I think you have to keep an eye on the whole Energy Transfer and Williams deal. Here you have companies that are paying out everything that they generate, and there's a lot of debt in that whole panoply of individual businesses now. It's really hard to evaluate the sustainability from the outside; it's just such an opaque organization. Those are some names that you want to be worried about.
And then among the smaller fry--lots of names, lots of partnership that we don't presently cover because they're too small. If they're gathering-and-processing businesses that have sprouted up like mushrooms after a couple of days of heavy rain, those are vulnerable businesses. I think you want to be very careful with those types of names.
Glaser: We have seen a big sell-off in the whole space. Has it opened up any opportunities? Are you thinking about increasing any of your exposure in your portfolio to midstream?
Peters: Well, the first point is, if you're in these for income, if your portfolio in general is conservative and oriented around dividends, don't be thinking in terms of swinging for the fences. Not here, not in any sector.
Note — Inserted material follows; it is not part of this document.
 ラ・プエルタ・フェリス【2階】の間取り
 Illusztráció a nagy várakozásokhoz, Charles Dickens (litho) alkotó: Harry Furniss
That's just not how you want to play it.
You want to maintain proper allocations, proper diversification among different sectors that reflect the concentration of risks. Kinder Morgan cuts its dividend; it's not going to be the last. There are going to be other partnerships. If you had a portfolio that was 80% MLPs, maybe you own 10 or 20 different partnerships, but they're all going to face a lot of the same pressures at the same time. You don't want to be that concentrated.
And even now you don't want to say, "Now is the time to double or triple up on my exposure, because they're cheap." I think you want to play a much more disciplined, much more cautious game. I'll say that right off the bat.
I will say there are a couple of partnerships out there that I'm still very comfortable and very confident in. Magellan Midstream Partners, Spectra Energy Partners and its parent Spectra Energy Corporation. Enterprise Products. I actually took a very small position for the first time just in August in Enterprise. These are the ones that have been much more conservative than at Kinder Morgan. Much more conservative than they needed to be back in the boom days, and now they collect the benefit of this type of environment, and they have a lot more financial flexibility. They can continue to grow their dividends and distributions while others are forced to cut.
And the longer this lasts, you're going to see distressed asset sales, and a partnership like Magellan, with very conservative leverage metrics, they've got plenty of room to go out and increase debt opportunistically and add high-quality assets to their business. They're actually going to gain ground before this is over because of this downturn.
So, those are some names I'm comfortable with. It's very hard to endorse any beyond that. The area of names that I have a lot of confidence in is pretty tight right now. But think in terms of... if you have no exposure, you can start to nibble. If you've got some, maybe you paid some higher prices in these very high-quality names, you can think about averaging down. But don't double, triple up. Don't move 50% of your portfolio into midstream partnerships. My exposure right now is in 10%-11% range. I might go to 15%, but I'm not going to 50%.
Glaser: Josh, thanks for your thoughts today.
Peters: Thank you, Jeremy.
Glaser: For Morningstar, I'm Jeremy Glaser. Thanks for watching.